The other day I ended up going for a walk to get some fresh air as well as a bunch of supplies.

Among the stops I had to make were the fabric store and the hardware store.  Since I try to plan my errand-running routes as efficiently as possible, these were both on my way back home. 

The fabric store was first.  I picked out a few different things, but most importantly I grabbed one yard of each of their most believably realistic fake animal furs.

When I went to the checkout counter, the nice lady who rang me up apologized for the fact that they were out of the larger size of shopping bags (this being the Christmas season) and would instead have to put my huge pile of fur into a large, clear trash bag so I could carry it home.  Since I would be on foot and it was likely to start raining before I finished the walk, I figured any bag at all was a good idea.

Then I went to the hardware store.

Picking out the handful of items I needed was only a matter of minutes.  Then, as is often my habit, I wandered around the store for a while to see if there was anything on the shelves that would seem like a solution to any of a number of problems simmering on the backburner of my to-do list.

The staff at this particular store was exceedingly helpful.  In fact, I was asked "can I help you?" so often that it started getting annoying.  Eventually I realized that this wasn't the "I'm asking because we have great service" version of "can I help you?" so much as the "would you please leave my store because I don't want you here" version of "can I help you?"

Somewhere along the way I also noticed that people were giving me occasional dirty looks.  Things were getting weird.  Had I left my fly unzipped?  A quick, discreet check verified that it wasn't the problem.  Was I wearing a t-shirt with something on it that was considered offensive by the locals?  No, I glanced down at a plain black sweater.  Did I match the description of some locally notorious sex offender?  I had no way to know.

Feeling unwelcome, I made my way to the cash register.  The girl behind the counter was courteous but curt and things still felt a bit strained.  Then, after rushing to get me out the door, she finally asks me, "What's in the bag?"

"It's a bunch of fake fur for a costume project," says I, "why?"

"Oh my God," replies she, "the manager said there was some guy wandering around the store carrying a bag of dead animals.  Looks like he was wrong."

I guess I can see where he got that idea:


Apparently it's not unheard of for folks to bring roadkill into the hardware store.
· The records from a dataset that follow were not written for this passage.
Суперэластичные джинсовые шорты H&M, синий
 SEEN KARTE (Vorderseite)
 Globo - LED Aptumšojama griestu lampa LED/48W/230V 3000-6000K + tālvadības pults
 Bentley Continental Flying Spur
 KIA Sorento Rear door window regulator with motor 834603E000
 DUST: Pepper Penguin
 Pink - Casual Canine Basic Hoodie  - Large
If nothing else, the reactions I got from a handful of strangers made me appreciate the suppliers and local shops that I normally deal with.  Every time I walk into the local shops back home, the folks on staff tend to ask what I'm working on and no matter what my answer is, it's never too weird.  Whenever my the representatives from my various supply companies stop by the workshop to discuss new products, the conversation is always fascinating, off-the-wall, and nobody ever bats an eye.  

That said, I kinda miss the little bits of shock value that used to come with the normal goings-on in my projects.  I think I need to start making things weirder.  Or weirder things.  Either way.

1 comment:

  1. Thanks for the laugh!
    Mostly it's from having been there myself, but not to the same level as you!